Problem to work on.
The result should be the lines from the one holding "kafishdoaquatics" to the final line of the records below, repeated exactly and with no pictures.

[Supplied material Boundary: Start]

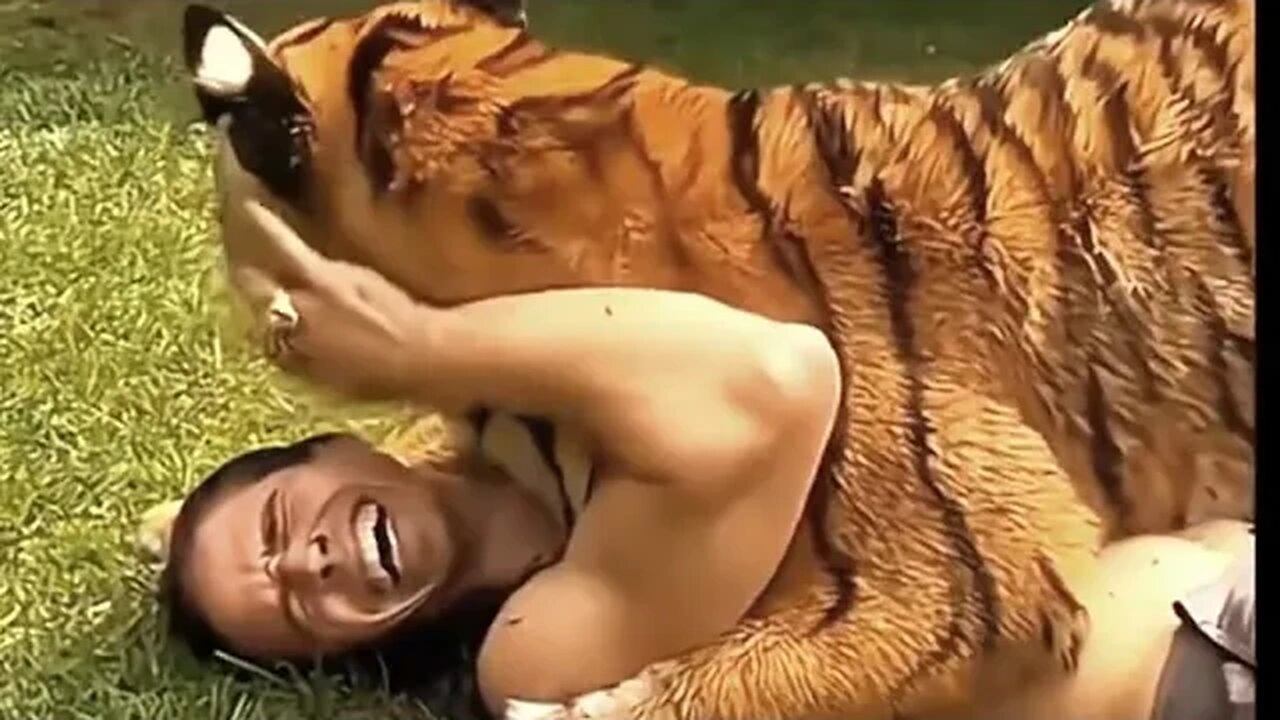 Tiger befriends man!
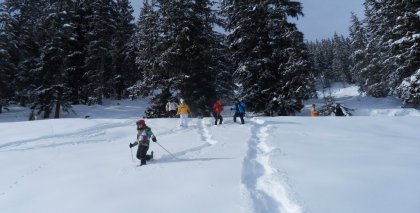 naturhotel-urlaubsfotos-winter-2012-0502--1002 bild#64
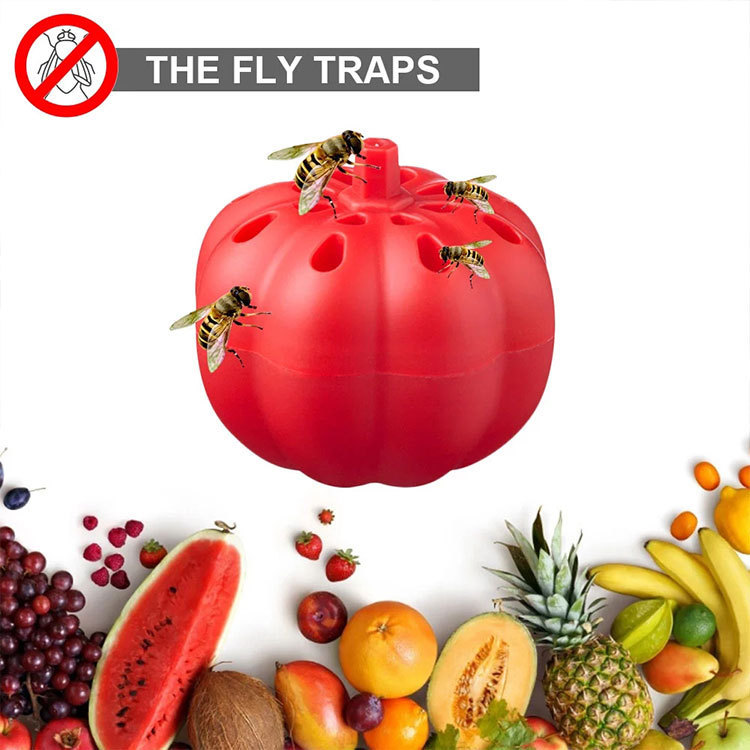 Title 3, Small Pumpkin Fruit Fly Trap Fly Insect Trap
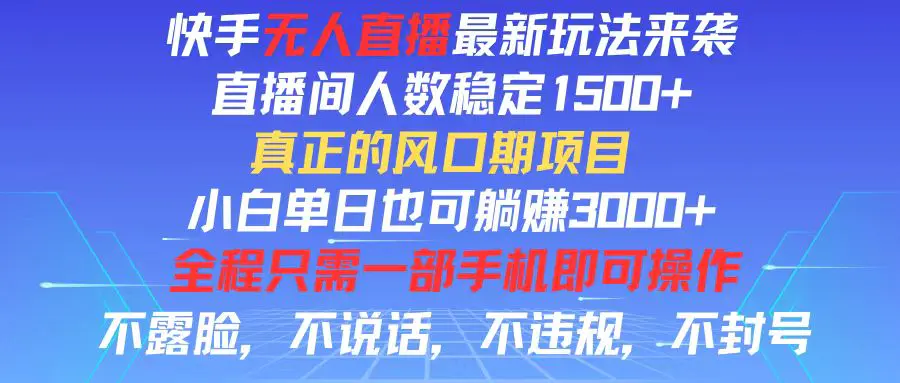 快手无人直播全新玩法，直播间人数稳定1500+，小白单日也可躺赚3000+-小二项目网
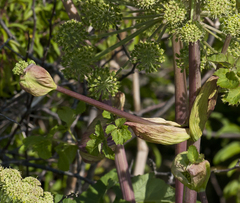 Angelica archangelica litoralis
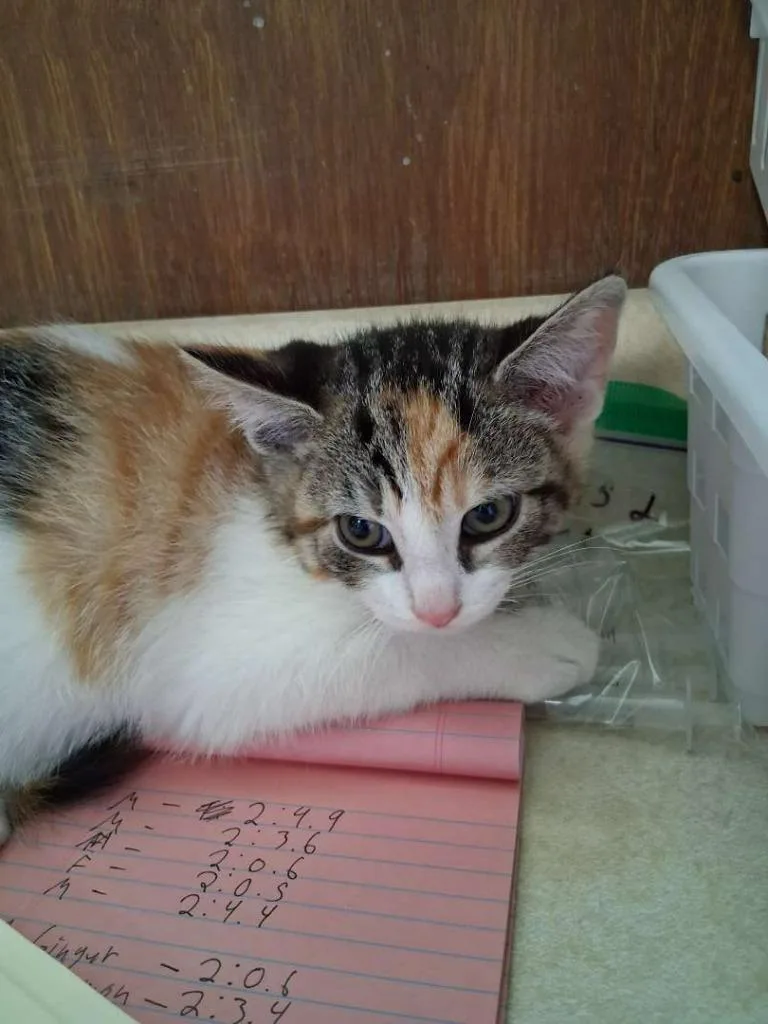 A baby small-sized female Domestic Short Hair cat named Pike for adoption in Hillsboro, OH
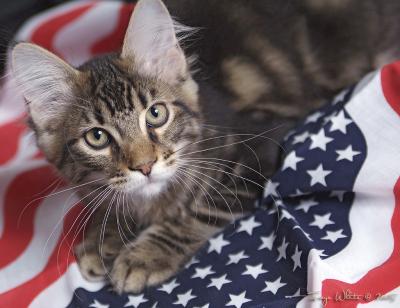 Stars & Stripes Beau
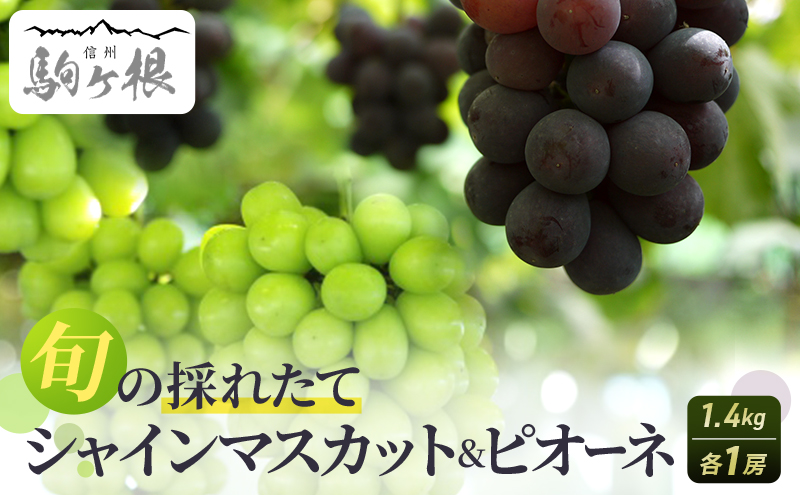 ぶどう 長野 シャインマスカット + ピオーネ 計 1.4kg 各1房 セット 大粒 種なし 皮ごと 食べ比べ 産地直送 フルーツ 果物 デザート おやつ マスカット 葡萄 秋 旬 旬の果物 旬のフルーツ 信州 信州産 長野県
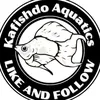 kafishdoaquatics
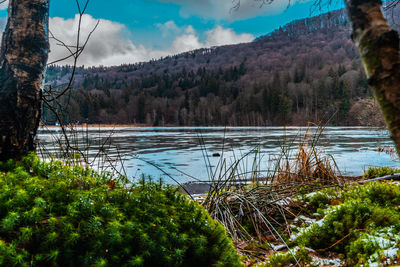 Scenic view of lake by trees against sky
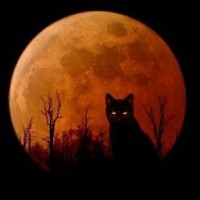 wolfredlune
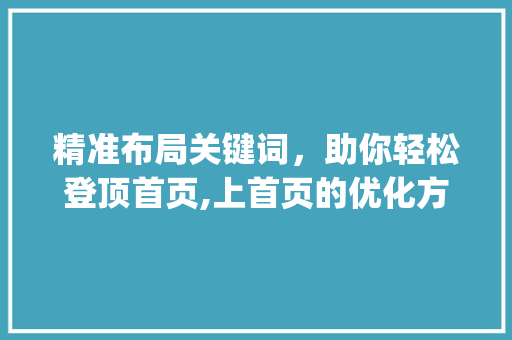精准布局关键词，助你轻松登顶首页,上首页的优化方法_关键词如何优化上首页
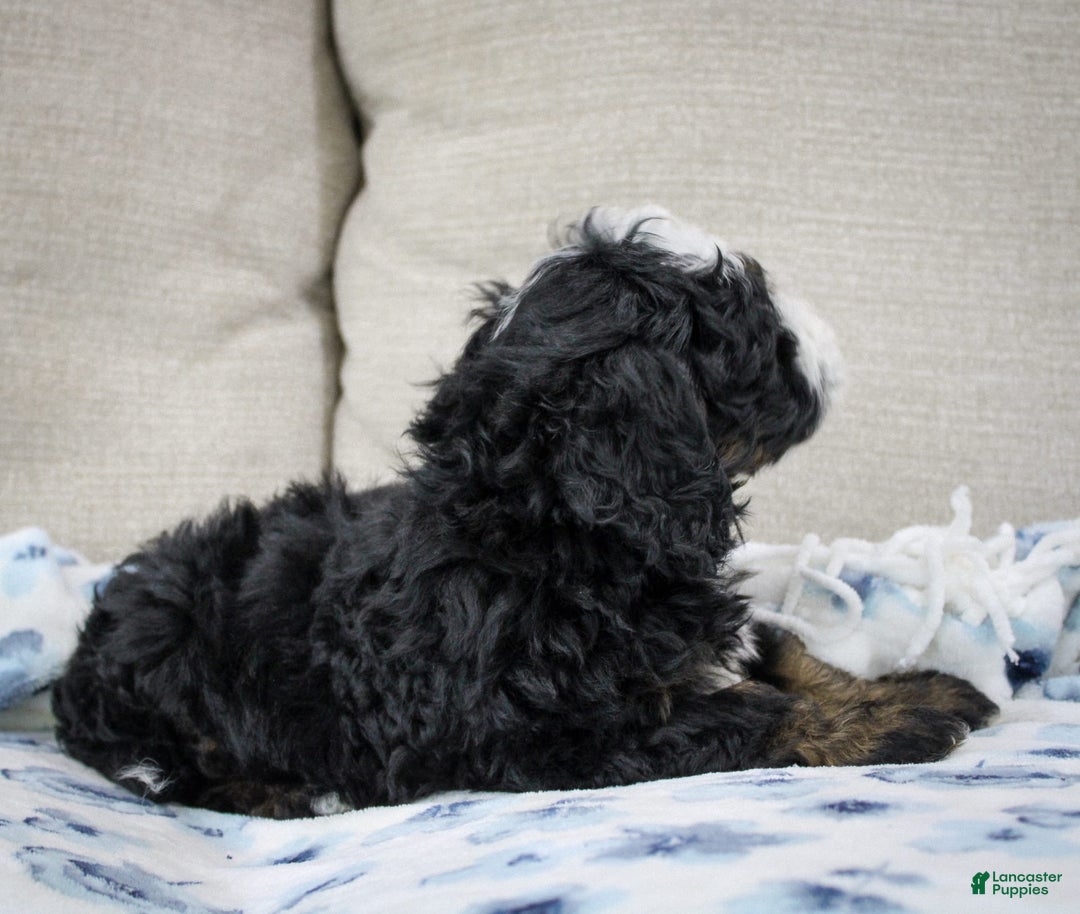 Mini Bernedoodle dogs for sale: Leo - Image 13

[Supplied material Boundary: End]

Output.
 kafishdoaquatics
 Scenic view of lake by trees against sky
 wolfredlune
精准布局关键词，助你轻松登顶首页,上首页的优化方法_关键词如何优化上首页
 Mini Bernedoodle dogs for sale: Leo - Image 13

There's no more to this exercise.